A medida protetiva de urgência é um mecanismo previsto na Lei
Maria da Penha desde 2006. Em 2019, sofreu alteração para permitir
que a autoridade policial concedesse essas medidas. Até então, era somente o
Judiciário que poderia fazer a concessão.
A
pesquisadora contextualiza ainda que os dados sobre descumprimento e morte de
mulheres quando deveriam estar protegidas podem estar subnotificados, uma vez
que nem todos os estados enviam as informações.
Por
isso, a lei sozinha não consegue mudar o cenário. No ano passado, o
Brasil registrou, pelo menos duas, ligações por minuto relacionadas à violência
doméstica.
O
atendimento em rede, conforme prevê a lei, garantiria acolhimento de múltiplos
setores para a mulher, tais como os serviços de saúde e assistência social,
além da questão da segurança pública.
“É
muito difícil que exista o funcionamento integrado dessas redes”, diz Isabella
Matosinhos.
Ela acrescenta que um dos papéis das polícias seria manter com
mais rigor a fiscalização cotidiana dos agressores para evitar que se aproximem
das mulheres.
Atuação
em rede
Pesquisadora
do Centro de Estudos de Criminalidade e Segurança Pública, da Universidade
Federal de Minas Gerais (UFMG), a professora Amanda Lagreca, que também atuou
no anuário de segurança pública, considera que as políticas públicas têm que
ser realizadas e implementadas considerando à complexidade que envolve a
realidade de mulheres brasileiras.
“Isso importa
porque as instituições devem implementar de fato essa lei.
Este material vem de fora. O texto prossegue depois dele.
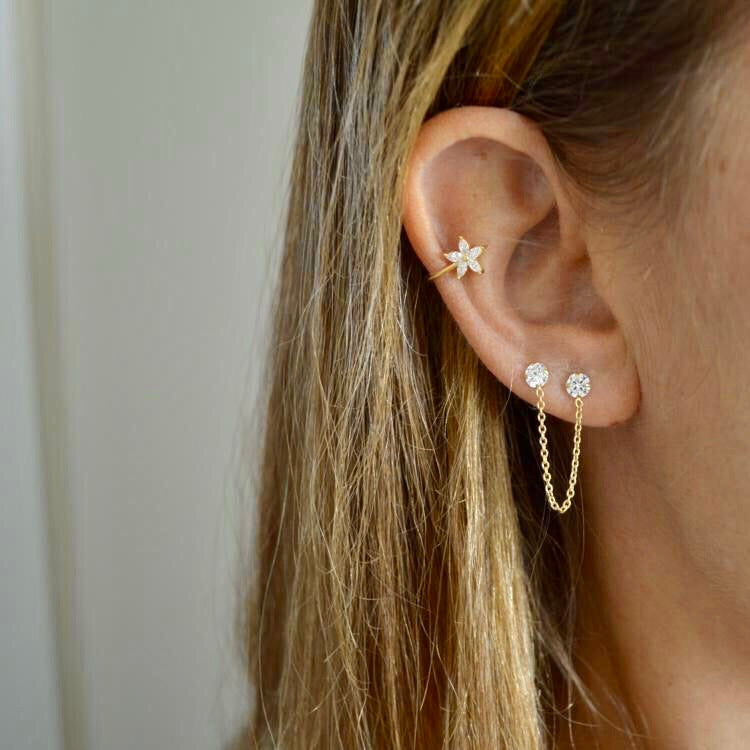 Pendientes pequeños de piercing con brillantes unidos por una cadena confeccionados en plata de ley con baño de oro 18 kilates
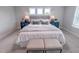 Well-lit primary bedroom with a king bed, stylish nightstands, and three windows with natural light at 124 Sugar Run Dr # 11, Fuquay Varina, NC 27526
O poder público
precisa pensar como a assistência social, a polícia e o próprio sistema de
justiça criminal estão implementando a legislação”, salienta a Amanda.
Segundo
avaliam as pesquisadoras, nas capitais essa estratégia funcionaria melhor para
os serviços. Mas, no interior, os desafios são maiores: “É preciso que haja
investimento do estado, dos municípios, para que essa rede se sustente”, diz
Isabella.
Ambas
ressaltam que a violência contra a mulher atinge vítimas de todas as classes
sociais e regiões. No entanto, elas apontam que, conforme o próprio anuário de
segurança pública, 63,6% das vítimas eram mulheres negras, e 70,5% entre 18 e
44 anos.
“A
maioria delas são mortas dentro de casa por homens. Mulheres jovens e negras
acabam sendo as principais atingidas”, afirma Isabella.
Mudança
de consciência
As
pesquisadoras argumentam que a Lei Maria da Penha promove um olhar completo
para prevenção por intermédio de medidas protetivas possíveis, que vão desde a
restrição de contato com a vítima, e pode contemplar também a participação do
agressor em grupos reflexivos.
“É algo
muito importante no sentido educativo. Mas a gente também tem visto uma
tendência na legislação de ‘enfrentar’ o problema com aumento das penas. No
entanto, a gente precisa avançar mais em políticas públicas”, adverte a
pesquisadora da UFMG.
Amanda
Lagreca reconhece o fato de que a Lei Maria da Penha nasceu de demandas da
sociedade civil e é um marco ao enquadrar a violência contra a mulher como uma
violação de direitos humanos. Hoje uma luta da sociedade e do poder público é ocupar
espaços de influência, como as escolas, e outros ambientes educativos para
ensinar aos meninos ou rapazes que a sociedade não tolera violência contra a
mulher.
“É uma
lei, fruto de uma luta, que tem quase duas décadas e foi reconhecida, inclusive
pela ONU, como uma das mais importantes do mundo e um modelo a ser seguido no
combate à violência contra as mulheres”, diz Amanda Lagreca.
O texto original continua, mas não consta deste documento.